I'll make three points.

None of the data provided in any of the annotation packages you have been asking about is modified in any way by either Bioconductor core, or in the case of the EnsDb objects, Johannes Rainier, who has done an incredible amount of work to provide them. These are simply convenient repackaging of existing data, and any questions about why the data are the way they are is +/- off-topic for this site.

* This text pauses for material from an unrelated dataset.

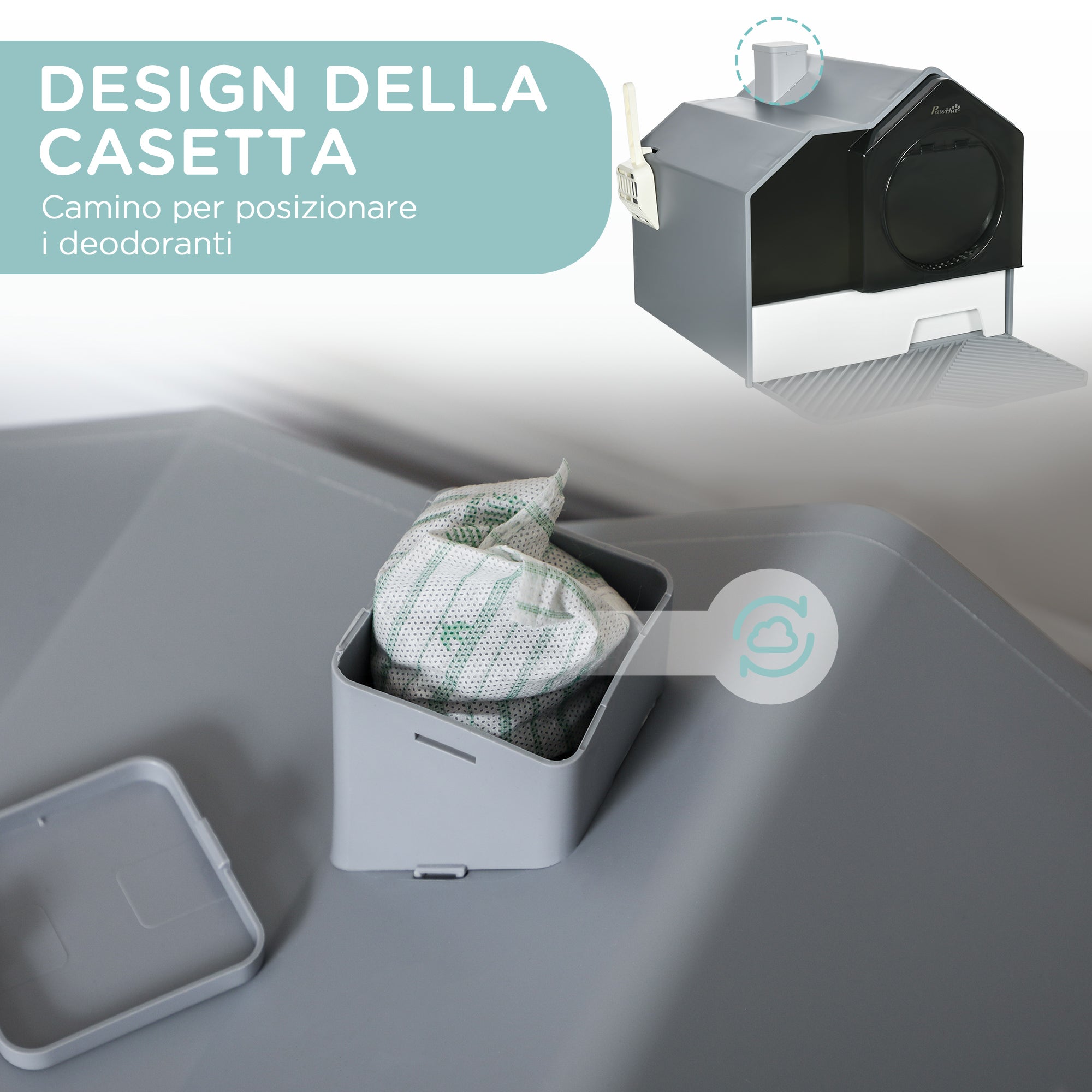 EASYCOMFORT Lettiera per Gatti con Paletta e Deodorante, Design Pieghevole  con Maniglia, 52x41x38 cm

The EnsDb packages are based on Ensembl data (hence the name) and the OrgDb packages are based on NCBI data (hence the 'eg' in the name). There are any number of disagreements between these two annotation services as to what is a gene, where it might be, what transcripts are known to arise from the gene, etc. If you try to compare things between those datasets you will inevitably run into disagreements, which is entirely predictable, has nothing to do with the packages (see item 1), and isn't answerable on this forum.
There seems to be this idea amongst some people that the human genome is some static thing that we know everything about, and in which case there shouldn't be these discrepancies. Nothing could be farther from the truth. We are in the very beginning stages of our exploration of the genome, and the more we explore, the more confusing it all becomes.